Local heterogeneity and rescue of the microscopic mobility. (Upper panel) Particles at various sample positions are analyzed to characterize the distribution of the local mobility properties in ECM with and without a rescue agent. (A) In standard MEM-α buffer, the distribution width of the diffusion constant is quite narrow for both mobile and immobile polystyrene particles. (B) The mobility of the trapped particles can be rescued by adding 1 M KCl resulting in a very broad distribution of local diffusion coefficients. PEG-passivated particles are unaffected by the addition of 1 M KCl. (C) 0.5 mM heparin can rescue the mobility of the positively charged amine-particles, but not the mobility of the negatively charged carboxyl-particles. (Lower panel) Schematic representation of mobile and immobile particles at different conditions. At high salt concentrations, ions weaken the electrostatic interaction of the charged particles (yellow, blue) with the hydrogel biopolymers by Debye screening. Heparin (blue star) neutralizes the surface charge of amine-beads (yellow) and thus rescues their mobility.

Figure 5

Quantification of the microscopic mobility of the tracer particles in different environments. For each experimental condition, various positions in the hydrogel are analyzed. The bars represent the mean diffusion coefficients, and the error bars denote the standard deviations. In ECM, the diffusion coefficient is reduced > 1000fold to virtually zero for both positively charged amine-terminated and negatively charged carboxyl-terminated particles. PEG-passivated particles, however, exhibit an apparent diffusion constant that is only fourfold smaller than the respective value in pure water.
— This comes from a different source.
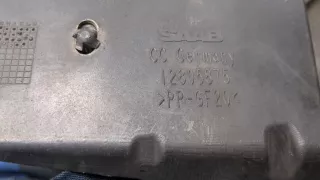 12805875 Защита (пыльник) двигателя Saab 9-3 1 Арт 20206474, вид 2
Such a drastic suppression of the particle mobility is observable neither in pure laminin or pure collagen IV hydrogels nor in mixed laminin/collagen IV hydrogels. The bandpass filtering is lost if heparan sulfate is enzymatically digested from the perlecan complex by heparinase I. Conversely, the bandpass filtering is not observable if free heparan sulfate chains are added to the mixed laminin/collagen IV hydrogel.

Figure 6

Biophysical model for the filtering function of the extracellular matrix: The ECM can be represented as a hydrogel with local patches of either positive or negative charge. In this patchworklike hydrogel, charged particles (yellow, blue) are trapped in the respective region of opposite charge (blue, yellow), while neutral particles (gray) can diffuse nearly unhindered.